Given a sequence of complex numbers $(a_n)$ one defines the corresponding Dirichlet series as $$f(s) = \sum_{n = 1}^\infty \frac{a_n}{n^s}.$$ I know that there is some $x_0 \in \mathbb{R} \cup \{\pm \infty\}$ such that $f(s)$ converges absolutely whenever the real part of $s$ is greater than $x_0$.
Suppose that $x_0 < +\infty$ (so $f$ converges absolutely on some half-plane). Is it true that $\lim_{x \to \infty} f(x) = a_1$? If not, does it become true if we know that the sequence $a_n$ does not grow 'too fast' in some sense (for instance exponentially bounded or polynomially bounded)?

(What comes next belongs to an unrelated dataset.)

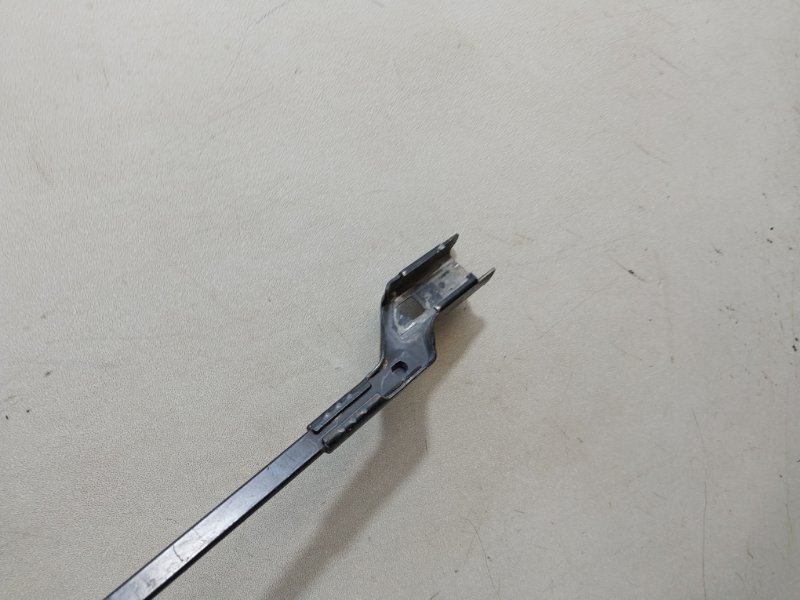 Поводок стеклоочистителя передний правый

Notice that this is a case of switching the order of the limits, because when $x$ goes to infinity, every term in the definition of $f$ goes to zero except the $n = 1$ term. But I'm not sure if switching the limits is allowed in this case.
Motivation: Series like this show up in the theory of finitely generated profinite groups. Specifically, if we calculate the probability that $k$ randomly chosen elements of a fixed finitely generated profinite group $G$ generate this group topologically, we find the answer is given by a Dirichlet series $P_G$ in $k$ with constant term 1. For instance, if $G = \hat {\mathbb{Z}}$ is the group of profinite integers, one finds that $P_G(k)$ is equal to $1/\zeta(k)$, with $\zeta$ the usual Riemann zeta function. If $G$ has a lot of subgroups of finite index, it may happen that $P_G$ fails to converge (i,e, $x_0 = +\infty$ in the notation above). However, if $G$ behaves well enough to guarantee that $P_G$ exists on some half-plane, it would be nice to be able to conclude that $P_G(k)$ goes to $1$ for $k \to \infty$.